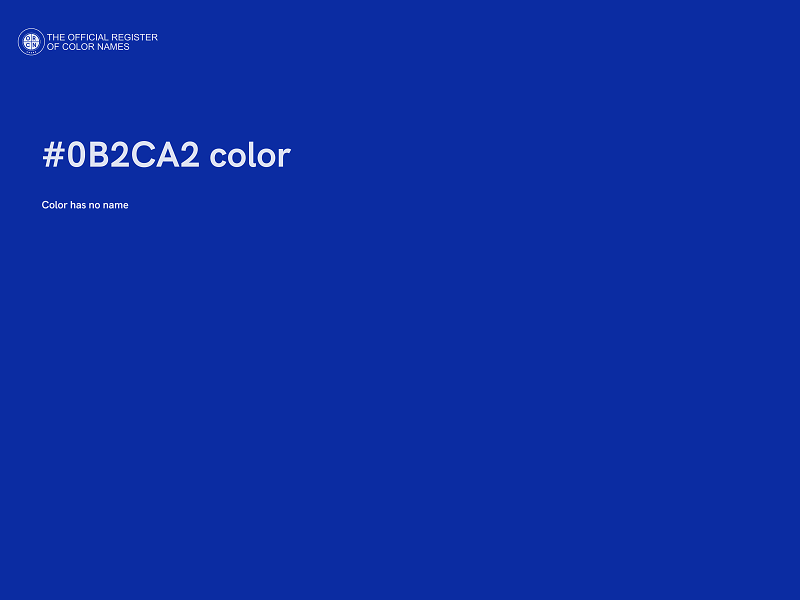 #0B2CA2 color image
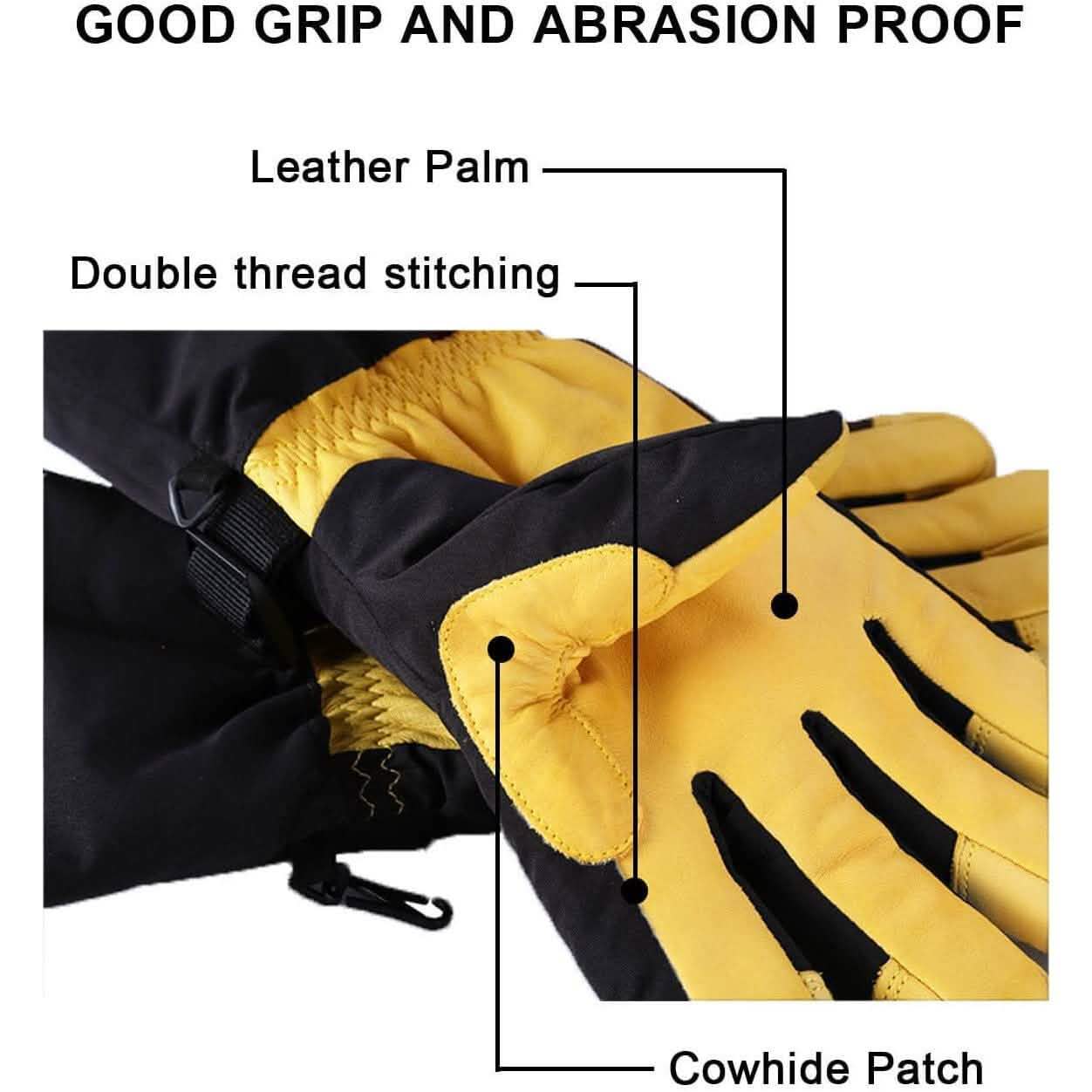 Winter Ski Thermal Gloves for Men and Women DailySale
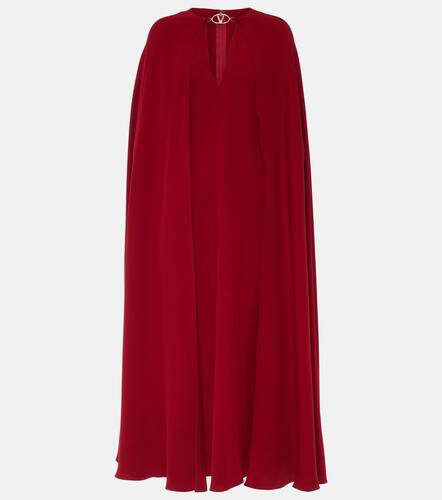 Vestido de fiesta de Cady Couture con capa - Valentino - Modalova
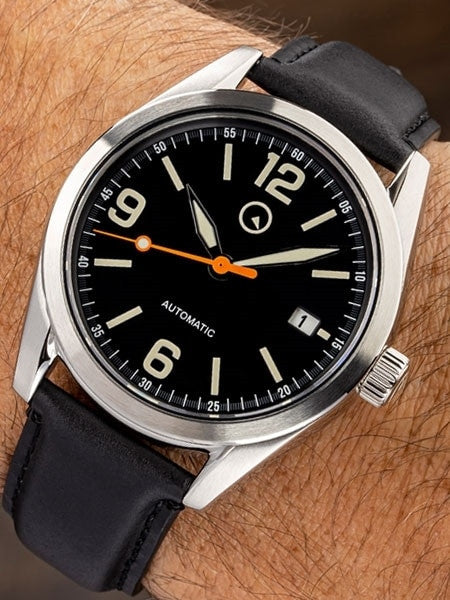 Islander Automatic Watch with Leather Strap and an AR Dome Sapphire Crystal #ISL-53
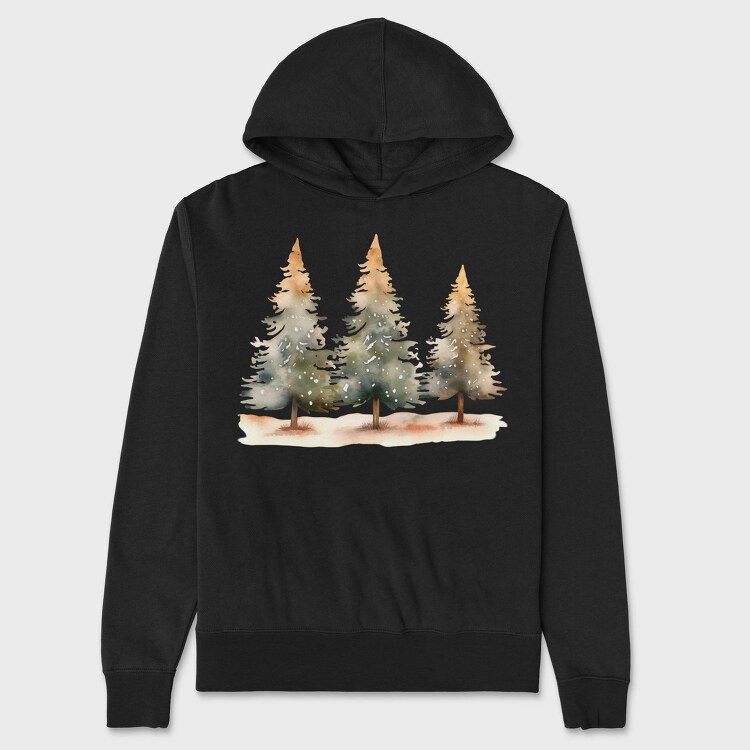 Winter Wonder Forest, Hanorac Oversize Barbati (Unisex)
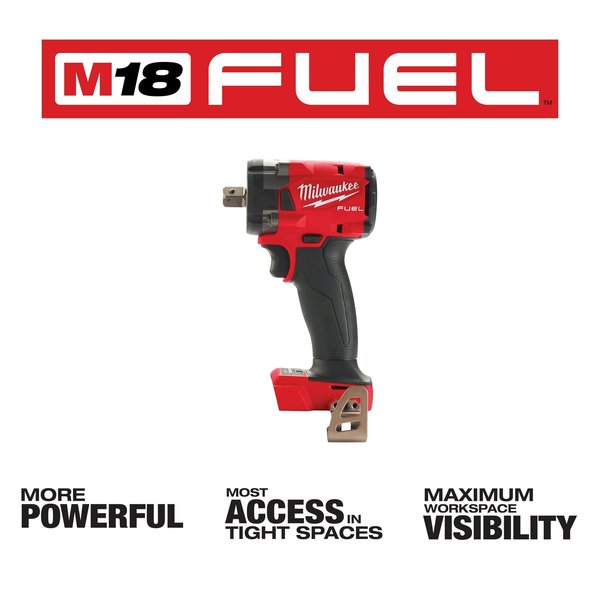 M18 FUEL 1/2 in. Compact Impact Wrench with Pin Detent (Tool Only)
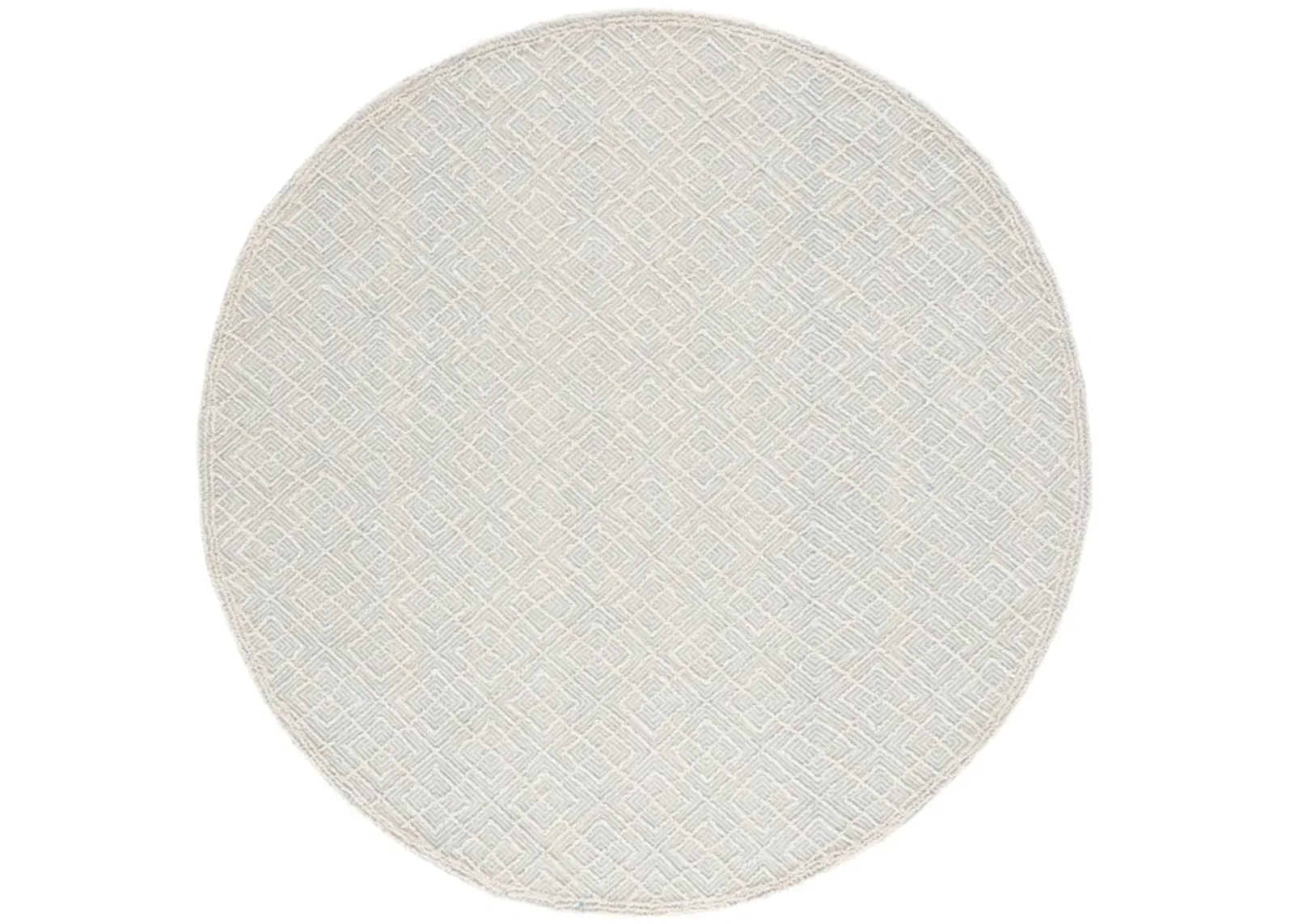 MSR TRACE IVORY  6' x 6' Round Round Rug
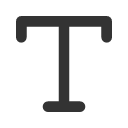 иконка type, шрифт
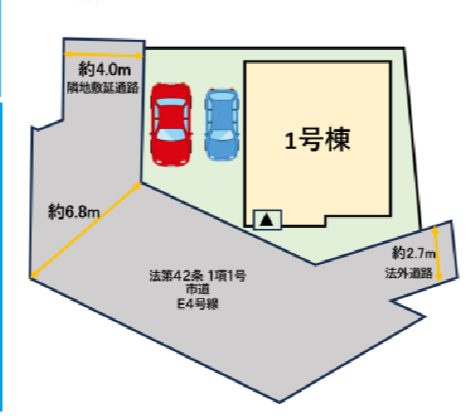 久留米市野中町の新築一戸建の区画図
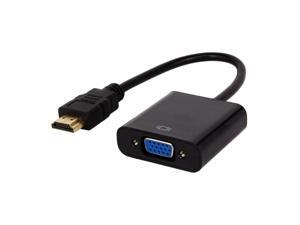 HDMI to VGA, Moread Gold-Plated HDMI to VGA Adapter Converters (Male to Female) for Computer, Desktop, Laptop, PC, Monitor, Projector, HDTV, Chromebook - Black HDMI to VGA, Moread Gold-Plated HDMI to VGA Adapter Converters (Male to Female) for Computer, Desktop, Laptop, PC, Monitor, Projector, HDTV, Chromebook - Black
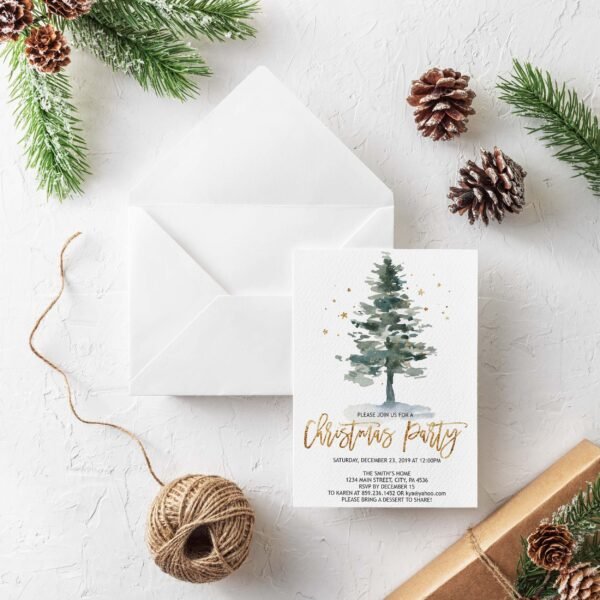 Holiday Labels printable, Christmas Gift Tags, holiday favor tags, Christmas Tree, Editable template, CHR01 - Image 4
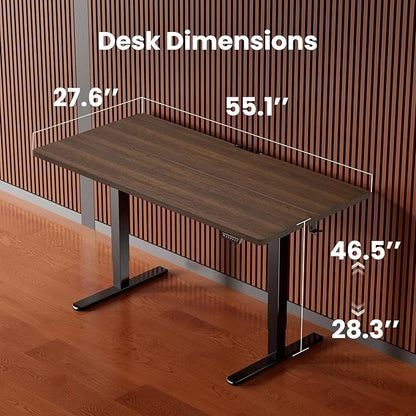 ErGear Height Adjustable Electric Standing Desk, 55 x 28 Inches Sit Stand up - Image 3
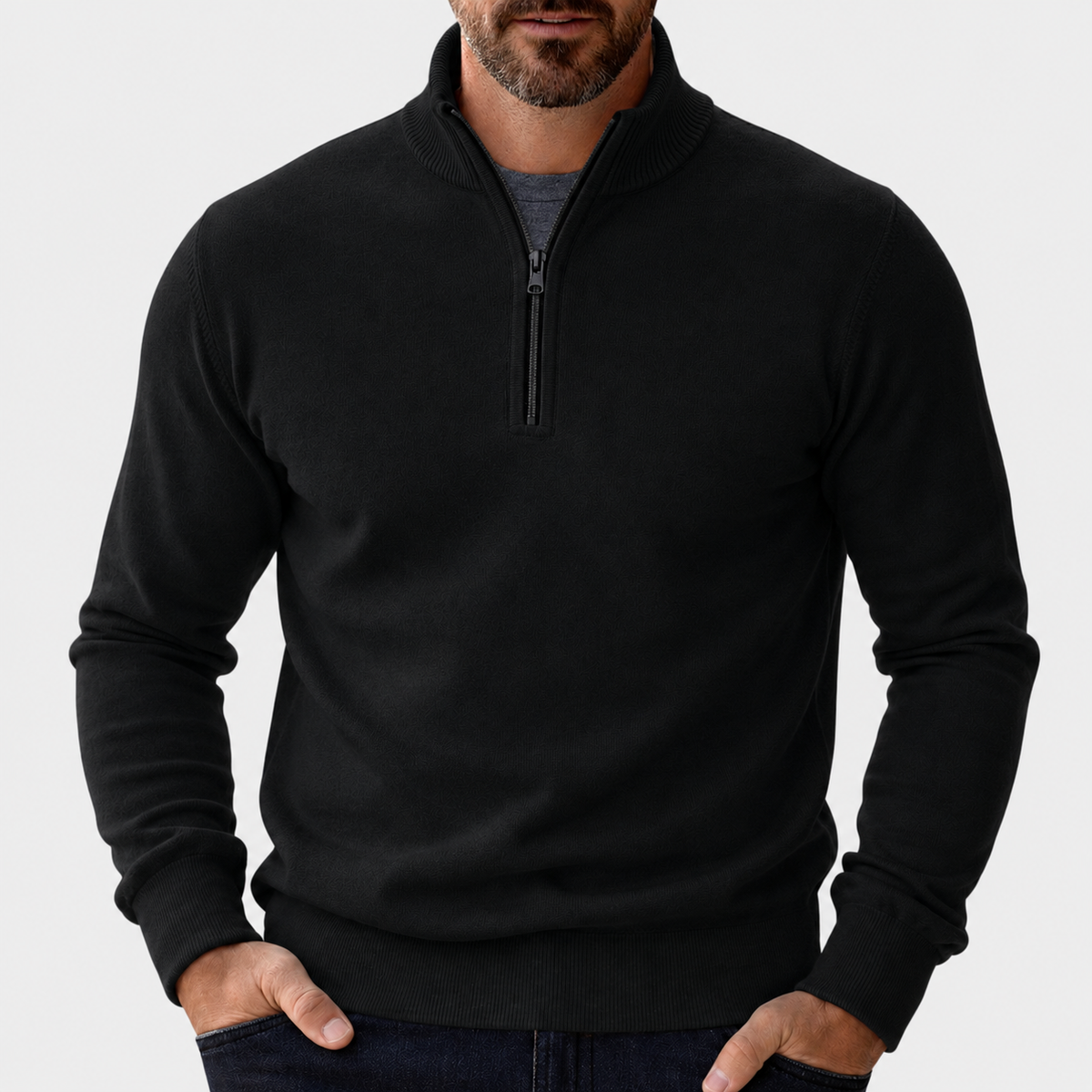 Reißverschluss Pullover Herren | Bequeme Bewegungsfreiheit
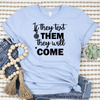 Womens Light Blue T Shirt with Text-Pickle design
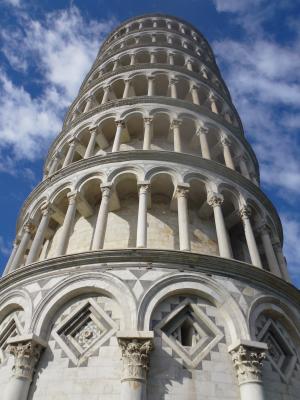 比萨, 意大利标志, 旅行, 塔, 文化, 具有里程碑意义, 斜直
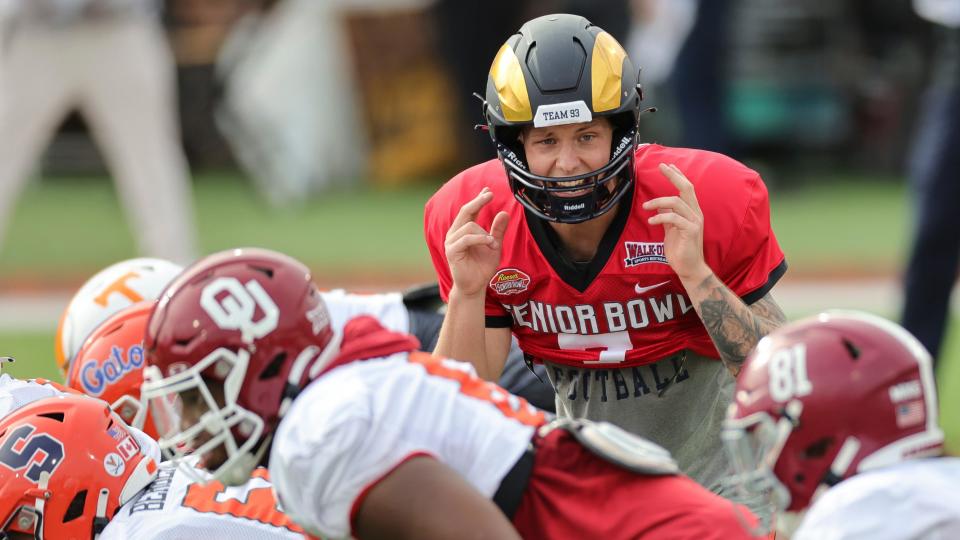 Tyson Bagent played at Division II Shepherd University before joining Chicago Bears as an undrafted rookie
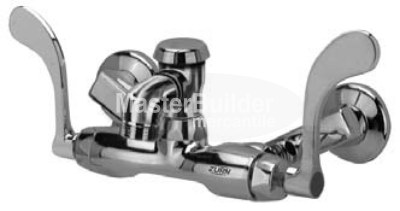 Zurn Z841L4 Service Sink Faucet w/ 2-1/2" Vacuum Breaker Spout and 4" Wrist Blade Handles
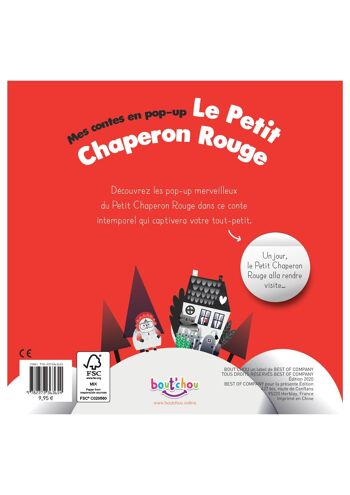LIVRE - MES CONTES EN POP-UP : LE PETIT CHAPERON ROUGE 3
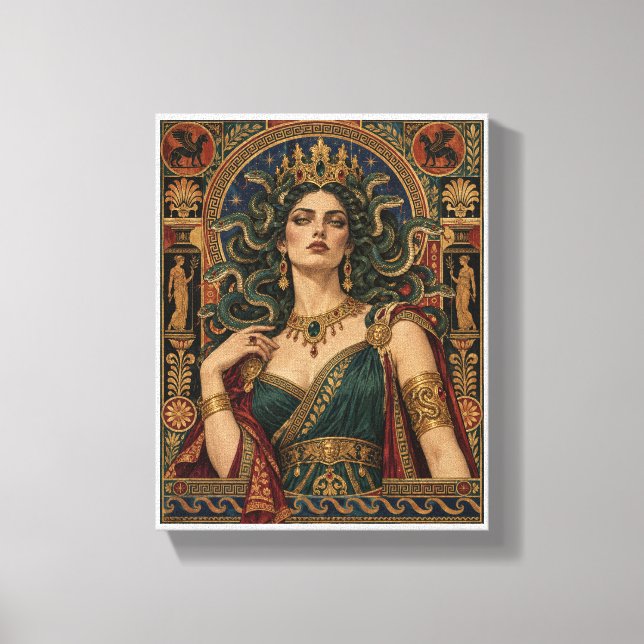 Toile Medusa royale (Recto)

# [WHAT YOU ARE ASKED TO DO]
Reproduce every line of the data above, exactly as it stands, but not the pictures.

# [SOLUTION]
 #0B2CA2 color image
 Winter Ski Thermal Gloves for Men and Women DailySale
 Vestido de fiesta de Cady Couture con capa - Valentino - Modalova
 Islander Automatic Watch with Leather Strap and an AR Dome Sapphire Crystal #ISL-53
 Winter Wonder Forest, Hanorac Oversize Barbati (Unisex)
 M18 FUEL 1/2 in. Compact Impact Wrench with Pin Detent (Tool Only)
 MSR TRACE IVORY  6' x 6' Round Round Rug
 иконка type, шрифт
 久留米市野中町の新築一戸建の区画図
 HDMI to VGA, Moread Gold-Plated HDMI to VGA Adapter Converters (Male to Female) for Computer, Desktop, Laptop, PC, Monitor, Projector, HDTV, Chromebook - Black HDMI to VGA, Moread Gold-Plated HDMI to VGA Adapter Converters (Male to Female) for Computer, Desktop, Laptop, PC, Monitor, Projector, HDTV, Chromebook - Black
 Holiday Labels printable, Christmas Gift Tags, holiday favor tags, Christmas Tree, Editable template, CHR01 - Image 4
 ErGear Height Adjustable Electric Standing Desk, 55 x 28 Inches Sit Stand up - Image 3
 Reißverschluss Pullover Herren | Bequeme Bewegungsfreiheit
 Womens Light Blue T Shirt with Text-Pickle design
 比萨, 意大利标志, 旅行, 塔, 文化, 具有里程碑意义, 斜直
 Tyson Bagent played at Division II Shepherd University before joining Chicago Bears as an undrafted rookie
 Zurn Z841L4 Service Sink Faucet w/ 2-1/2" Vacuum Breaker Spout and 4" Wrist Blade Handles
LIVRE - MES CONTES EN POP-UP : LE PETIT CHAPERON ROUGE 3
 Toile Medusa royale (Recto)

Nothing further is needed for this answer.